Was growing up both Mormon and gay difficult? When I was a kid, apart from a few teachers in school who would say [homosexuality] is God’s punishment, my experience wasn’t known by anyone. No one seemed to know anyone who was gay. It’s one thing to have people talk about how you’re going to burn in hell and how wrong it is. But it’s a different kind of suffering to not have it exist for you. You don’t quite know why you feel that way, and it took me a lot of years to learn to love myself.
Were you already out by the time you were doing music professionally? It was definitely a gradual process. I was around people who knew me personally. At age 25, I was in the industry full-time, and though it’s changed so much since then, I had lost an early record deal I know in large part to them finding out [I was gay]. And I’m grateful for that. And it’s because of people such as K.D. Lang and Rufus Wainwright, I could be in the place where I’m today, but I lost a lot of people. To be honest, I feel my career would have ascended more. I know my career has suffered in a sense because of it, but still, I wouldn’t change a thing. I know my comfort as a performer and what’s made me compelling is ignoring everything I had been told growing up and just living my life in an authentic transparent way and not apologize for it.

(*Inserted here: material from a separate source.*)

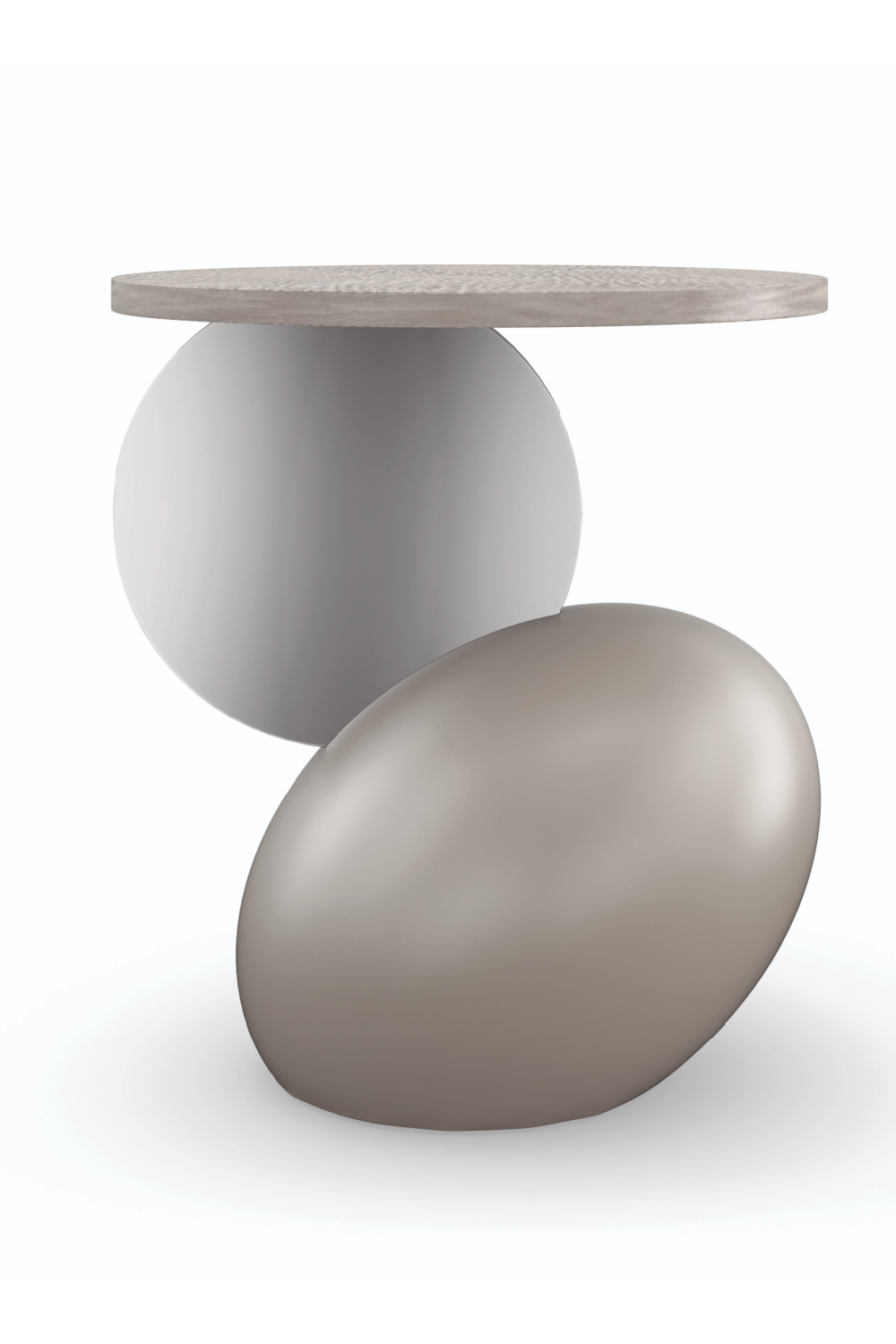 Modern Art Deco Side Table | Caracole Onyx | Caracole.eu.com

How do you avoid having your music labeled with your sexual identity? I think that I’ve been lucky that my music has never been fully labeled as “gay” music… whatever that means. But I think it’s still a challenge for any minority group. And I can understand why people want to relate to it that way, because they want to feel like their experiences are mirrored. But there’s no such thing as black music or gay music. I think it’s about making it a nonissue. Being out and being an advocate for that just by being transparent is part of it, and then pulling the focus in your life back to the example you set and never forgetting that it’s ultimately about the work you do.